Mas a alternância não significava desinteresse – o plano era de longo prazo. “Entendíamos que, se ele ficasse mais uma temporada, seria fundamental. Ele vinha de mais de um ano inativo quando chegou ao Londrina. Para 2017, ele teria uma pré-temporada adequada, já conheceria a estrutura do clube. Tinha tudo para ser o camisa 9 do Londrina por muito tempo”, avalia Tencati.
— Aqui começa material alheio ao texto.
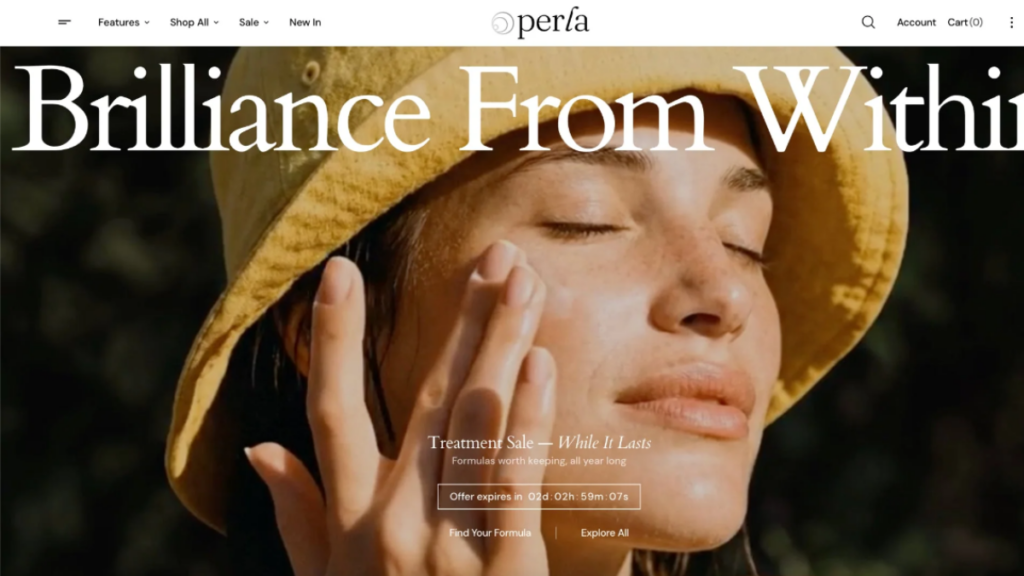Perla Shopify Theme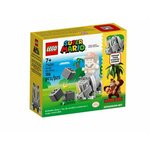 LEGO® Super Mario™ 71420 Razširitveni komplet Rambi Rhino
Em vez disso, Keirrison preferiu mais uma vez tentar a Europa. Portugal batia à sua porta, porém em um clube muito distante do glamour do Benfica. Em uma decisão da qual hoje se arrepende, Keirrison trocou os planos do Londrina pela incerteza de um clube desesperado, o pequeno Arouca. E se antes havia ficado parado pelas lesões, agora era preterido por opção técnica de uma equipe que não quis apostar na contratação de meio de temporada. Keirrison entrou só duas vezes, sempre no final dos jogos, e oficialmente disputou apenas três minutos de futebol.
“Agradeço muito ao Londrina e ao Tencati, mas eu tinha um objetivo particular de voltar para a Europa”, justifica Keirrison. “Não foi da forma como imaginei. Aliás, chegando lá, foi totalmente o oposto do que combinamos. Nunca vi uma situação tão amadora, com tamanha falta de profissionalismo”, completa.
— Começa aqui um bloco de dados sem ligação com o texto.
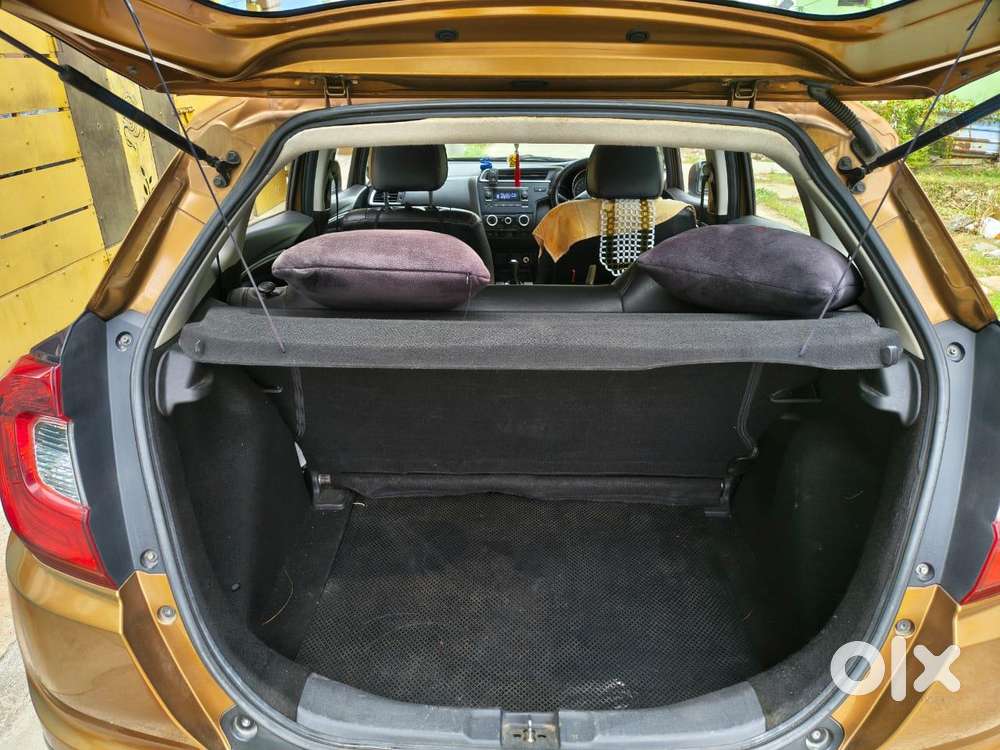 Honda Wr-v I-dtec S, 2018, Petrol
A experiência serviu para enterrar de vez o sonho europeu: “Tenho amigos que falam que podem surgir propostas e logo vou embora novamente. Mas posso garantir que tenho um objetivo estabelecido desde que retornei. Vou atingi-lo e, quando acontecer, todos os torcedores saberão”.
O último retorno
No início de julho, Keirrison retornou novamente ao Coritiba, após renegociar dívidas referentes a sua última passagem, entre 2012 e 2015. Em dezembro daquele ano, acionou o clube na Justiça por conta de salários atrasados e promessas não cumpridas da diretoria.
Em novembro de 2015, quando tornou pública a situação, Keirrison foi afastado pela diretoria. O jogador, então, conseguiu ganhar a ação e encerrou o contrato, que iria até junho de 2017. Para retornar, a dívida foi parcelada em 36 vezes e o atacante abriu mão de uma quantia financeira.
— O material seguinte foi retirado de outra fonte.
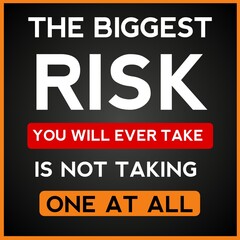 Obraz premium Motivational Inspirational Quotes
“O Coritiba contribuiu muito para minha carreira e me sinto muito tranquilo aqui. Depois de tantos desafios, é uma responsabilidade tão boa”, diz Keirrison, que encontrou no novo retorno o local ideal para seguir enfrentando sua maior batalha: a saudade do filho.
“Foi uma situação que me fez perceber que existe algo diferente, que extrapola até a questão da religiosidade. Não existe nada mais triste do que enterrar o próprio filho”. Hoje, diariamente, traz consigo a lembrança de Henri: “Olho para qualquer lado deste CT e o vejo correndo, brincando. Dói, claro, mas ele me ensinou a importância do presente, de viver cada dia ao máximo, porque de uma hora para a outra tudo pode acabar”.
O reencontro com os gramados parece cada vez mais próximo – Keirrison foi relacionado para o duelo contra o Vitória, pela 22ª rodada do Brasileirão, mas não entrou na partida, e o Coritiba acabou derrotado por 1 a 0 no Couto Pereira.
Já o outro reencontro, com o gol, provoca emoção antes mesmo de acontecer. “Quando estou em campo, costumo observar a arquibancada. O torcedor, muitas vezes, teve uma semana ruim, onde tudo deu errado, então vai para o estádio esperando a vitória. E eu posso colocar um sorriso no rosto dele balançando as redes. Sempre fico de olho nessa mudança de expressão”, diz. “Sonho com esse novo primeiro gol. É louco isso, não? Mais de 70 gols pelo Coritiba e, mais uma vez, parece que será o primeiro”.